NEW BRITAIN – As all registered voters are starting to receive their absentee ballot applications in the mail, local officials urge voters to send the applications in as soon as possible.
“If you are planning to vote by mail, it is important to review the application fully when you receive it, complete it correctly, and send it to us as soon as possible,” New Britain Town Clerk Mark Bernacki said.
Going forward with the general election on Nov. 3, Bernacki expects more voters will be involved and with the anticipated large volumes of mail-in ballots, it would serve everyone well to have the applications sent out early.
“We’ve been feverishly trying to plan for the onslaught of applications and we want to make sure that the public is aware that the state will again mail out absentee ballots to all registered voters,” he said. “This will be like what they did for the primary in August. But we were so inundated with phone calls and a high volume of applications that we barely had time to process them all.

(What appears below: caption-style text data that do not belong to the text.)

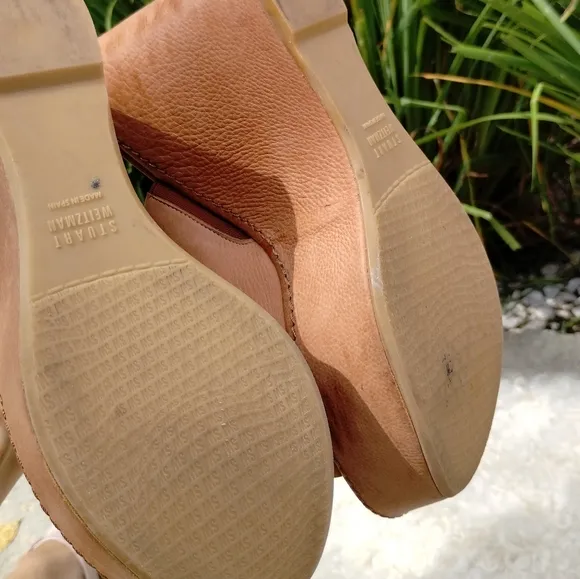 Stuart Weitzman Tan Nubuck Leather Slip On Mules Sandals 6.5
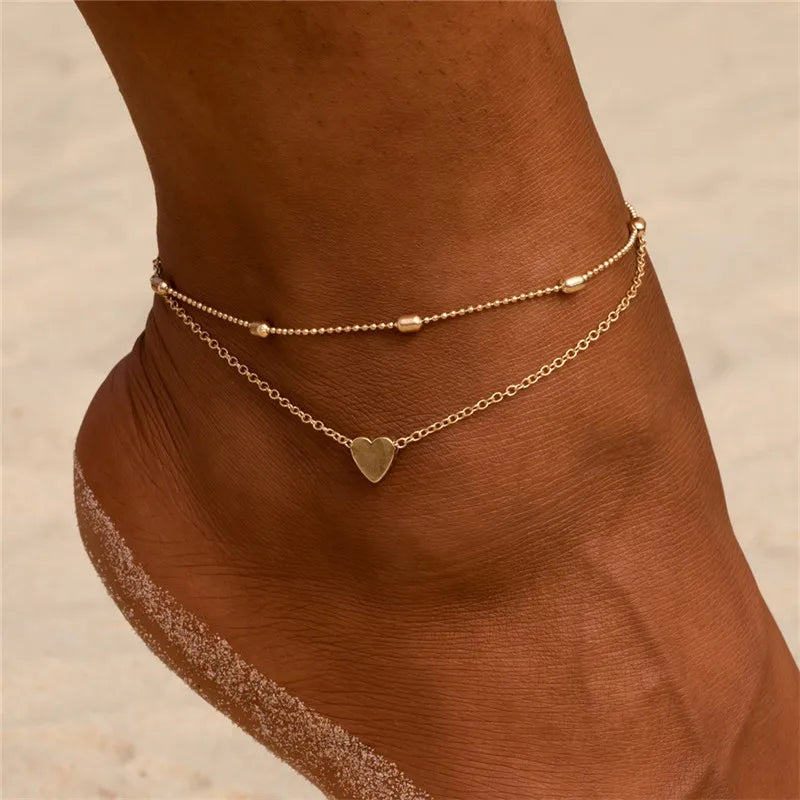 Pearl Shell Anklet Bracelet – Gold Chain Beach Wedding Jewelry for Women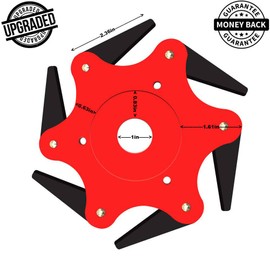 OXT Steel Trimmer Head, 1PCS Premium 6 Steel Razors Trimmer Head, Upgraded Universal Weed Eater Blades Metal, 65Mn Professional Steel Razor Trimmer Head (Red No Accessories)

Just remember that after the applications are sent in, the town clerks have to process them before ballots can be sent out. It takes a lot of time.”
For the 2016 primary elections, Bernacki said the city received about 330 applications for absentee ballots compared to the roughly 3,600 that they received for this year’s primaries. The general election for the same year saw 1,500 applications and with expectations for a higher voter turnout this year, the town clerk said the volume will be “herculean.”
Because there were so many mix-ups caused by the state’s third-party mail house for the primaries, including delayed and lost ballots, Bernacki strongly recommends voters to send in their applications early and if people are not registered to vote, do not wait until the last minute to register.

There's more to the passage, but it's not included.